To do =
Drop the pictures from the entries below, then reproduce the rest exactly.

(Input data begins)

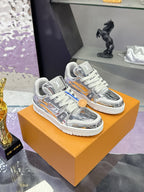 Louis Vuitton women's metallic silver sneakers on tan box, gray laces and logo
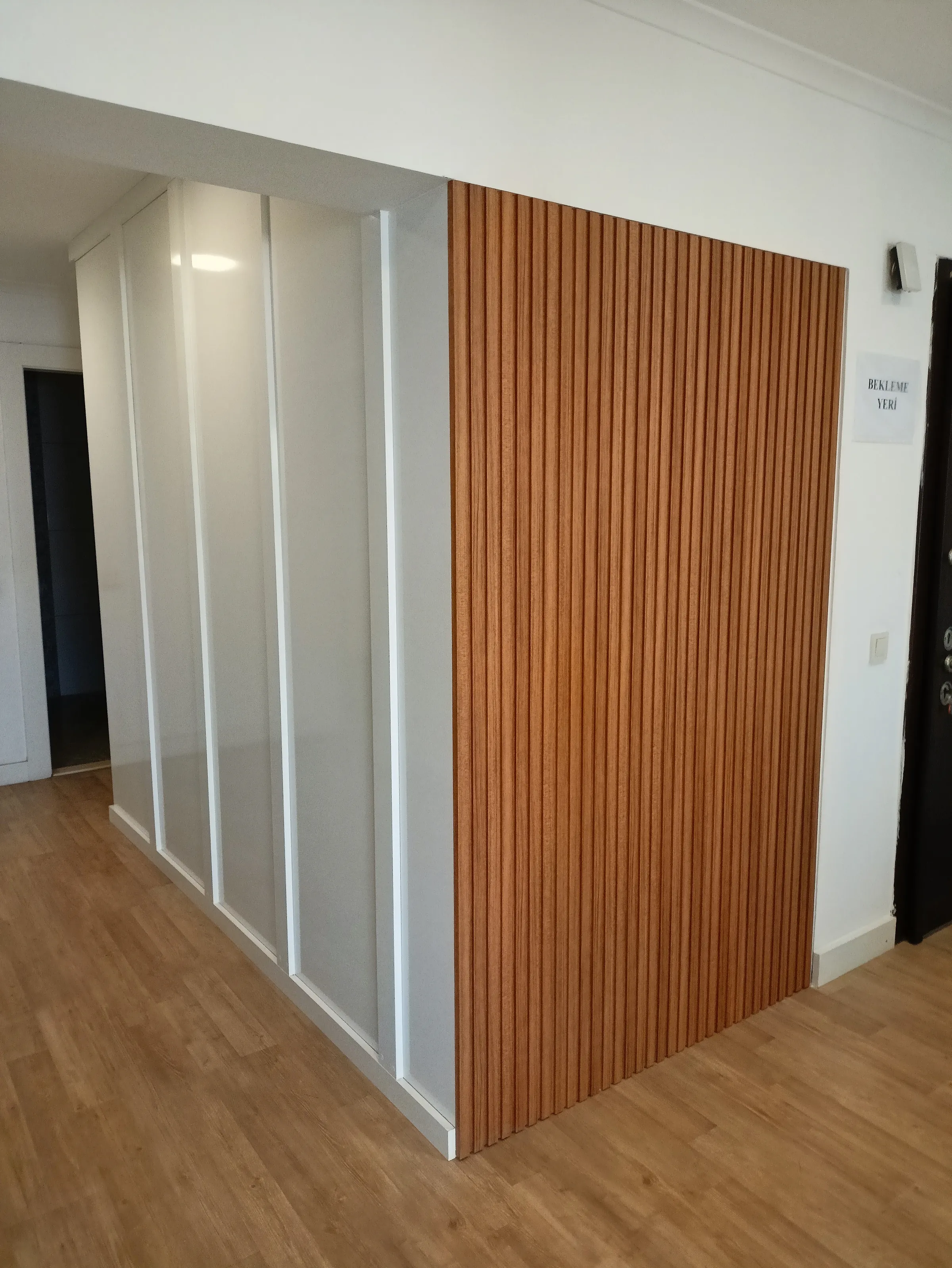 White and wooden panelling set side by side along a hallway.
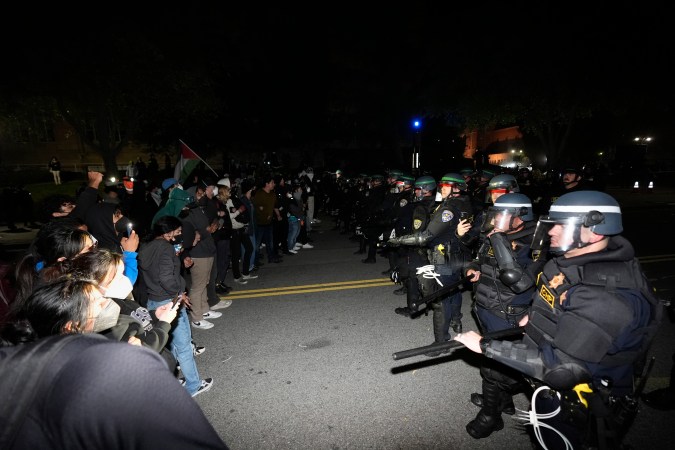 Police advance on demonstrators on the UCLA campus Thursday, May 2, 2024, in Los Angeles. (AP Photo/Ryan Sun)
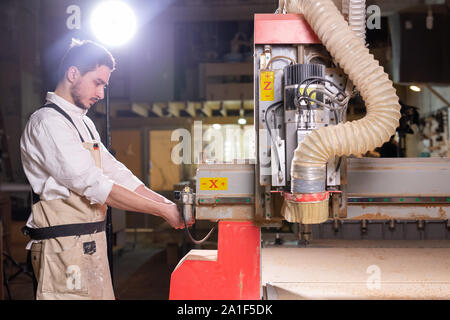 furniture factory, Small-Sized Companies and people concept - Serious concentrated handsome bearded worker of furniture factory Stock Photo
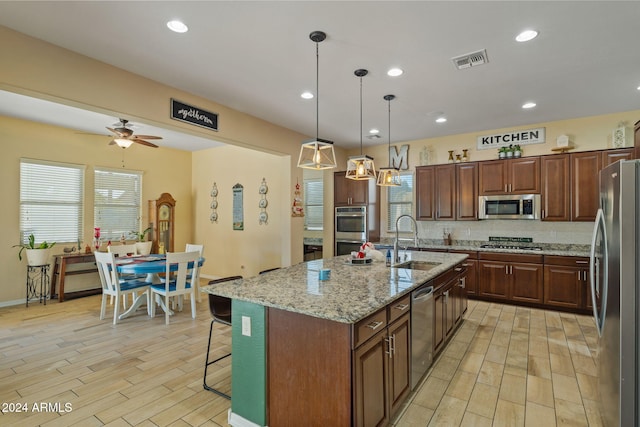 kitchen featuring appliances with stainless steel finishes, a wealth of natural light, sink, hanging light fixtures, and an island with sink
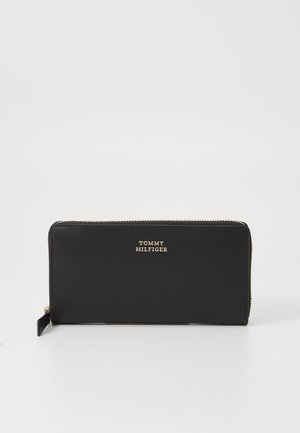 Černá kožená peněženka se zlatými prvky. Obsahuje zipové zapínání a ražené logo značky. Hladký povrch a obdélníkový tvar.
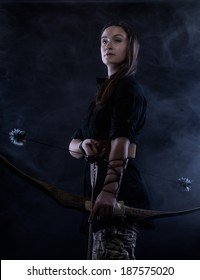 Beautiful archery woman and smoky background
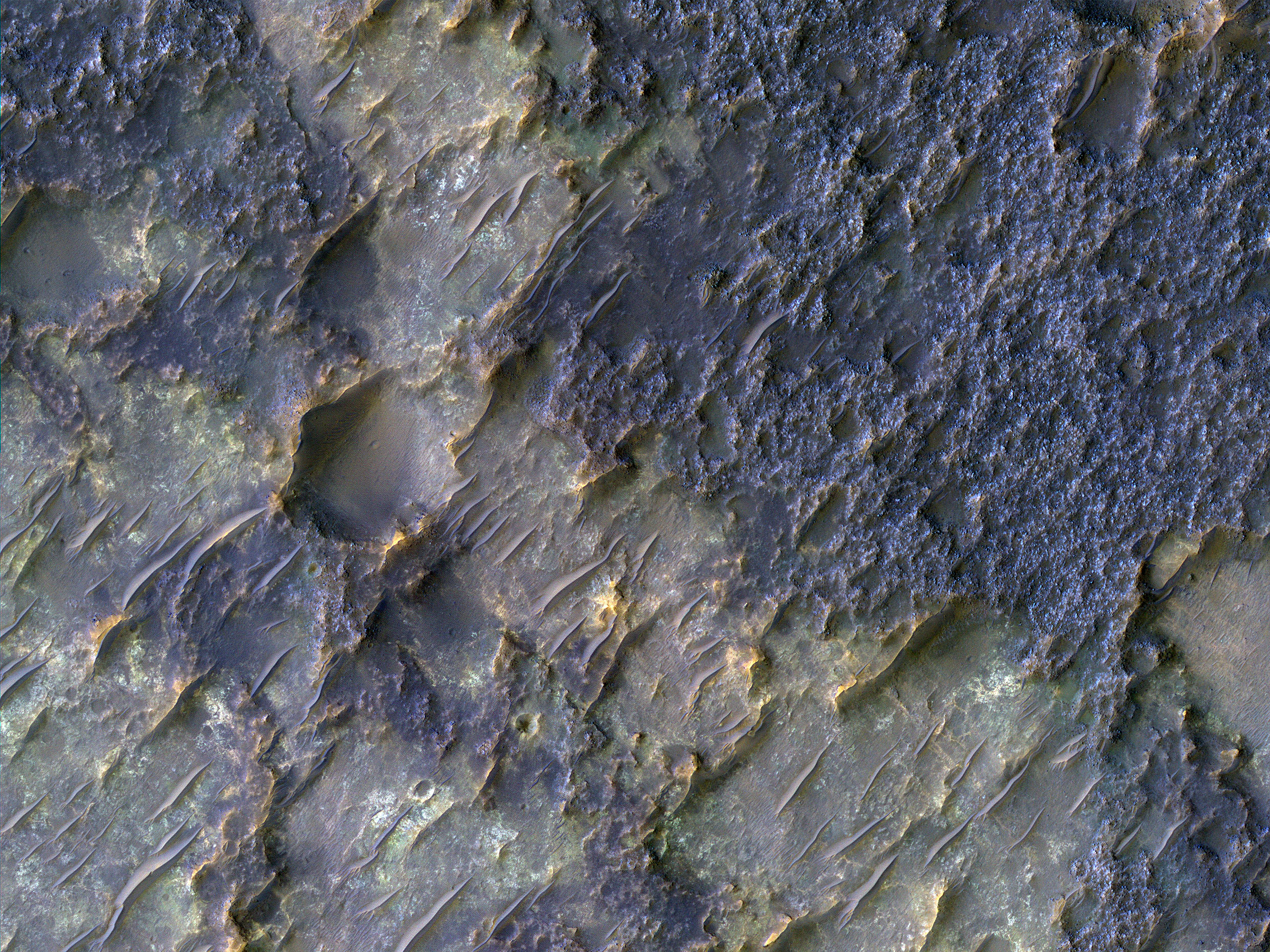 Contact between Two Distinct Types of Bedrock Northwest of Hellas Planitia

(Input data ends)

Final answer =
 Louis Vuitton women's metallic silver sneakers on tan box, gray laces and logo
 White and wooden panelling set side by side along a hallway.
 Police advance on demonstrators on the UCLA campus Thursday, May 2, 2024, in Los Angeles. (AP Photo/Ryan Sun)
 furniture factory, Small-Sized Companies and people concept - Serious concentrated handsome bearded worker of furniture factory Stock Photo
 kitchen featuring appliances with stainless steel finishes, a wealth of natural light, sink, hanging light fixtures, and an island with sink
 Černá kožená peněženka se zlatými prvky. Obsahuje zipové zapínání a ražené logo značky. Hladký povrch a obdélníkový tvar.
 Beautiful archery woman and smoky background
 Contact between Two Distinct Types of Bedrock Northwest of Hellas Planitia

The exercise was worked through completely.